__EXERCISE INSTRUCTIONS__
In the data below, find the line containing "Toyota Corolla Verso AR10 R16 alloy rim" and the line containing "1400 E Lynn Ct, Homewood, IL 60430 - Photo 9", then reproduce them and every line between, exactly. Omit pictures.

__MATERIAL FOR THIS EXERCISE__
****
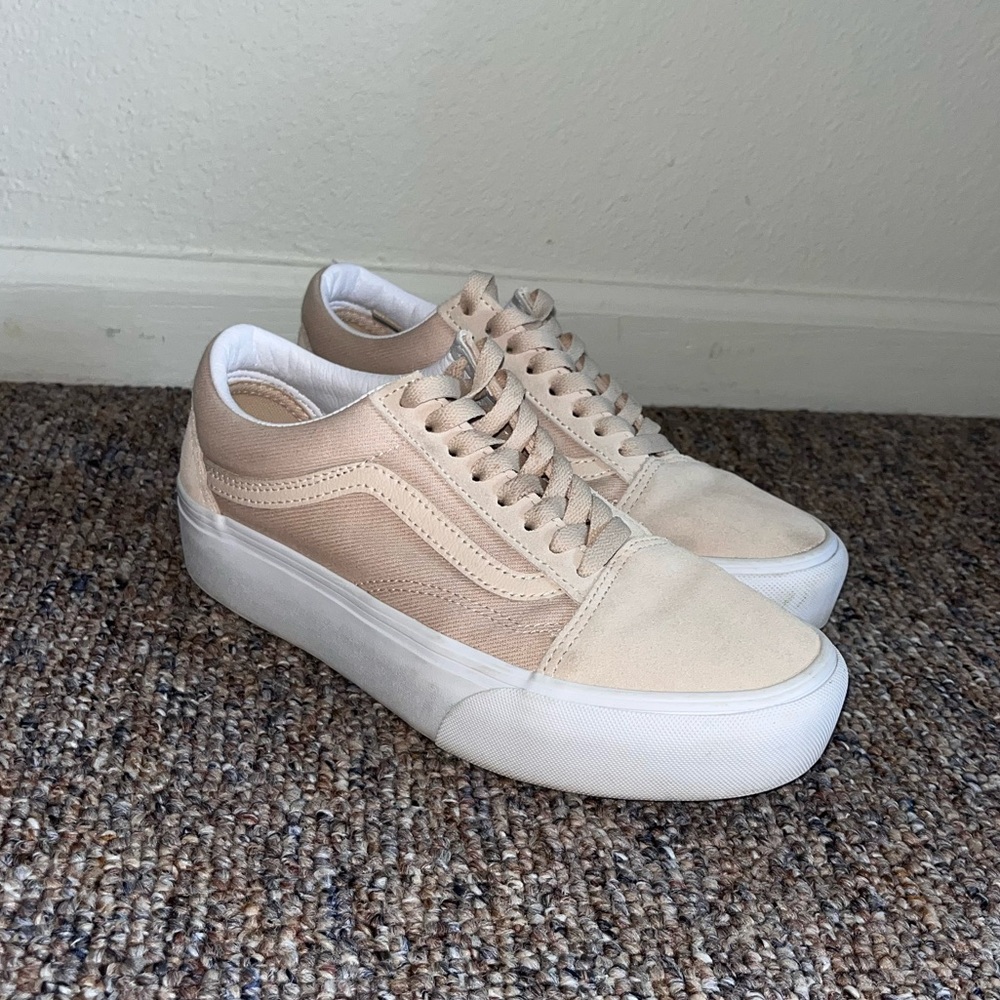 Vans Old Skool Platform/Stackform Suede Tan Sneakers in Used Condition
****
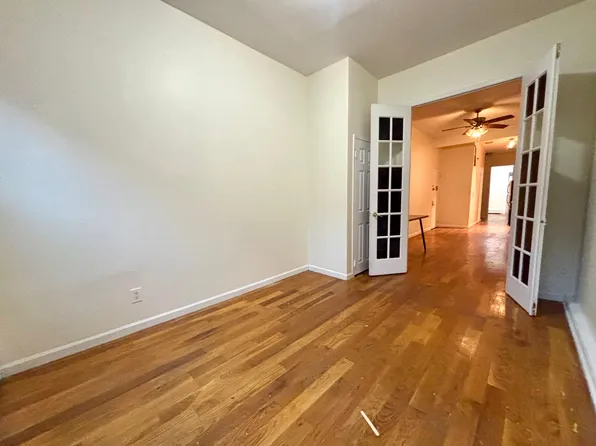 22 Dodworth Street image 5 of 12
****
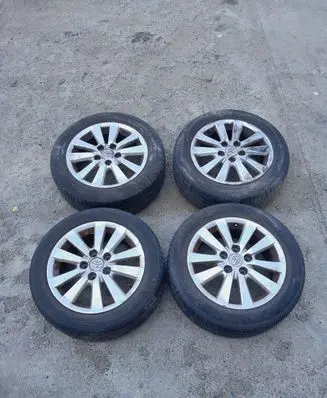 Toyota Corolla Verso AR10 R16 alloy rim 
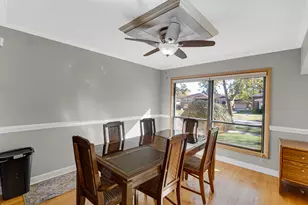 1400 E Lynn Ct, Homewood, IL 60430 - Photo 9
****
__RESPONSE TO THE TASK__
 Toyota Corolla Verso AR10 R16 alloy rim 
 1400 E Lynn Ct, Homewood, IL 60430 - Photo 9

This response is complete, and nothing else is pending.